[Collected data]
——
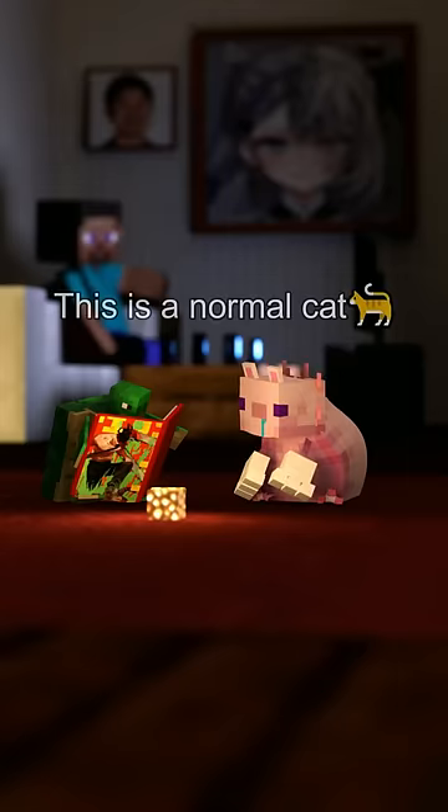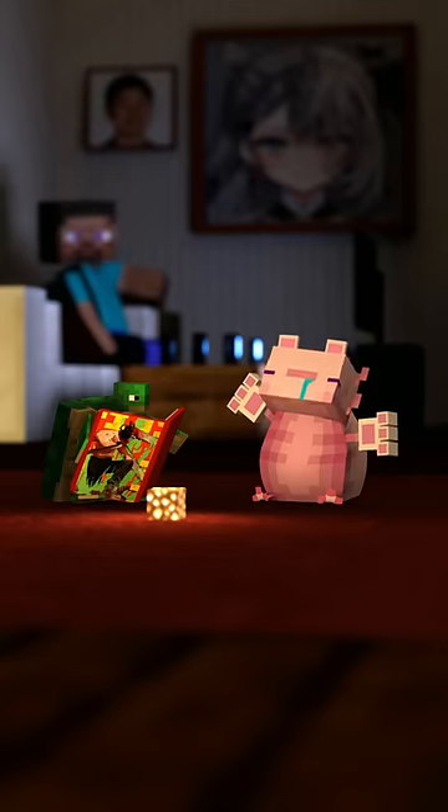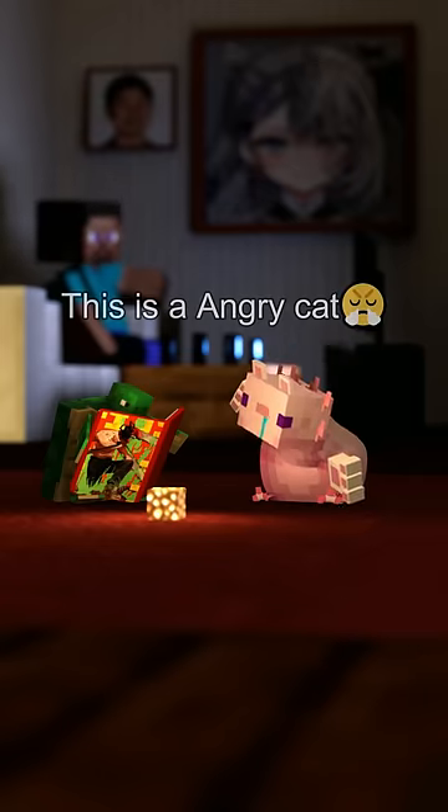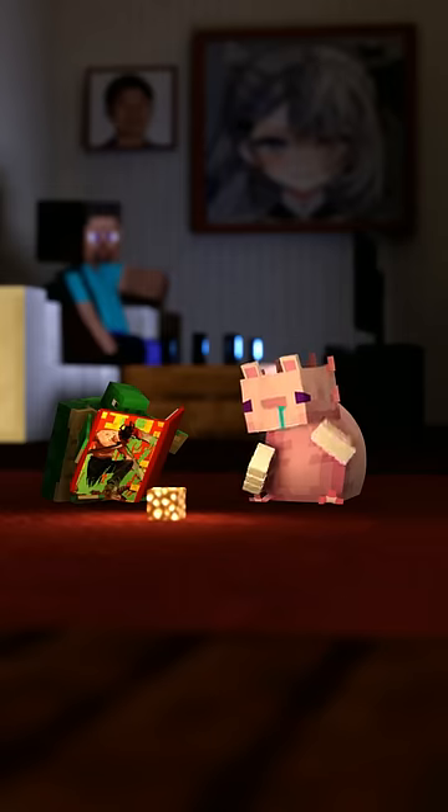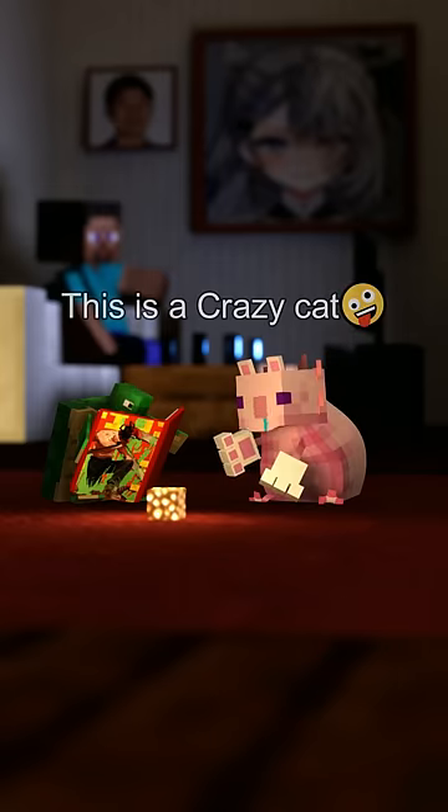This is a normal cat. This is an angry cat. This is a sad cat. This is a crazy cat.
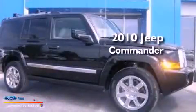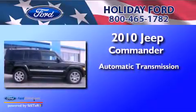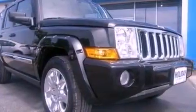This is a 2010 Jeep Commander. This SUV has an automatic transmission, a 5.7-liter V8, four-wheel drive, and a clean, non-smoker interior.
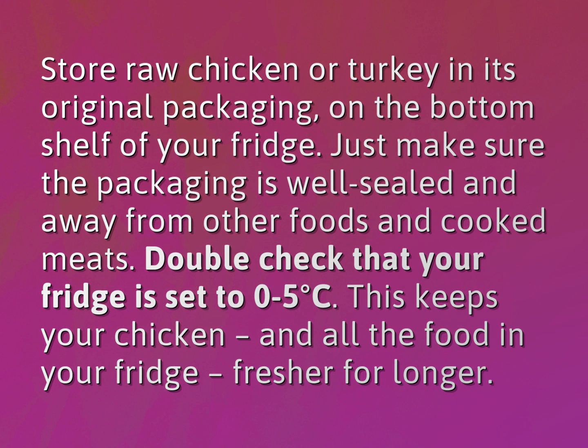Double check that your fridge is set to 0 to 5 degrees Celsius. This keeps your chicken and all the food in your fridge fresher for longer.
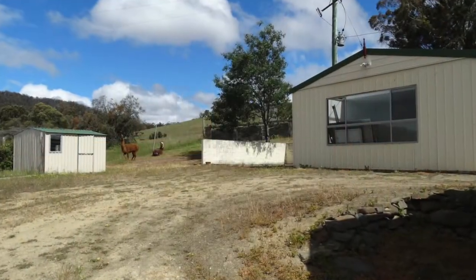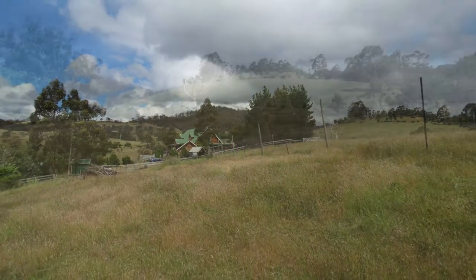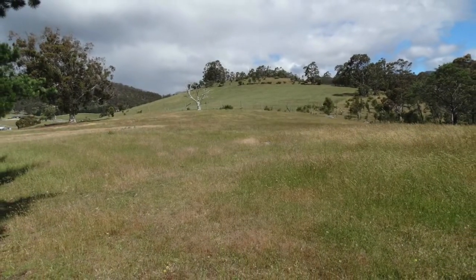A separate studio is fully lined with skylight and the property is fenced, with a hay shed, dam, five hectare pasture, two garden sheds, and a barbecue gazebo with power and water and built-in seating.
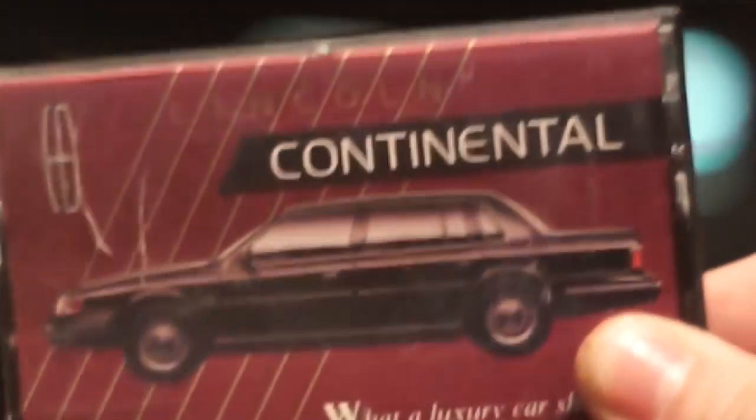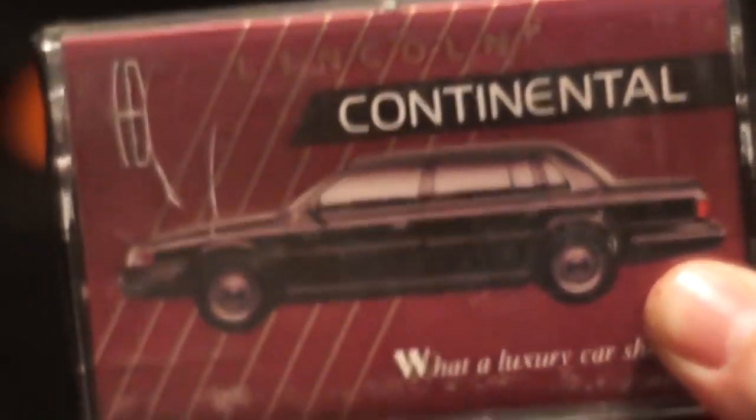Here's the cassette that came with my car, the first car I ever got when I was 16 or 17. It was a 1988 Lincoln Continental, and I'm going to copy this over and put it on YouTube to see what it is. I've never played it before — I think it's something they give you with a new car that tells you how nice it is.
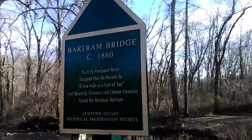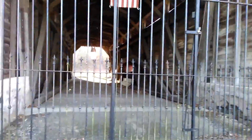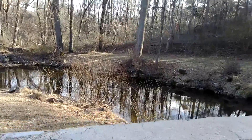The covered bridge was built in 1860 and is one of the few covered bridges left in Chester County and is the only one planned to be preserved. It is a covered Burr Arch Truss Bridge over Crum Creek on Goshen Road, located in Delaware County and Chester County, Pennsylvania. It is intact but closed to all traffic, and it was recognized on the National Register of Historic Places.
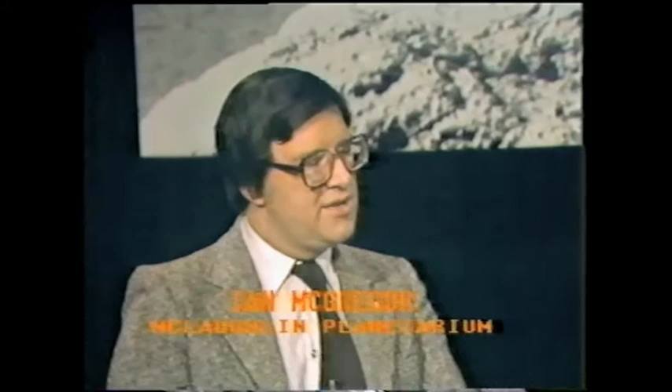Thanks again, Ian, for coming today. Thanks for inviting me, Randy. Well, let's start at the beginning. What exactly is a comet? Basically a comet is a dirty snowball, but it's a very, very large dirty snowball. It consists mostly of ice, but it has a lot of rock and dust mixed in with it, and it's an object which is orbiting around the sun.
——
■ **What the task requires**
Please reproduce, word for word, only the lines from the line that holds "A separate studio" through the final line of the entries above, omitting any pictures.

■ **Your solution**
A separate studio is fully lined with skylight and the property is fenced, with a hay shed, dam, five hectare pasture, two garden sheds, and a barbecue gazebo with power and water and built-in seating.
Here's the cassette that came with my car, the first car I ever got when I was 16 or 17. It was a 1988 Lincoln Continental, and I'm going to copy this over and put it on YouTube to see what it is. I've never played it before — I think it's something they give you with a new car that tells you how nice it is.
The covered bridge was built in 1860 and is one of the few covered bridges left in Chester County and is the only one planned to be preserved. It is a covered Burr Arch Truss Bridge over Crum Creek on Goshen Road, located in Delaware County and Chester County, Pennsylvania. It is intact but closed to all traffic, and it was recognized on the National Register of Historic Places.
Thanks again, Ian, for coming today. Thanks for inviting me, Randy. Well, let's start at the beginning. What exactly is a comet? Basically a comet is a dirty snowball, but it's a very, very large dirty snowball. It consists mostly of ice, but it has a lot of rock and dust mixed in with it, and it's an object which is orbiting around the sun.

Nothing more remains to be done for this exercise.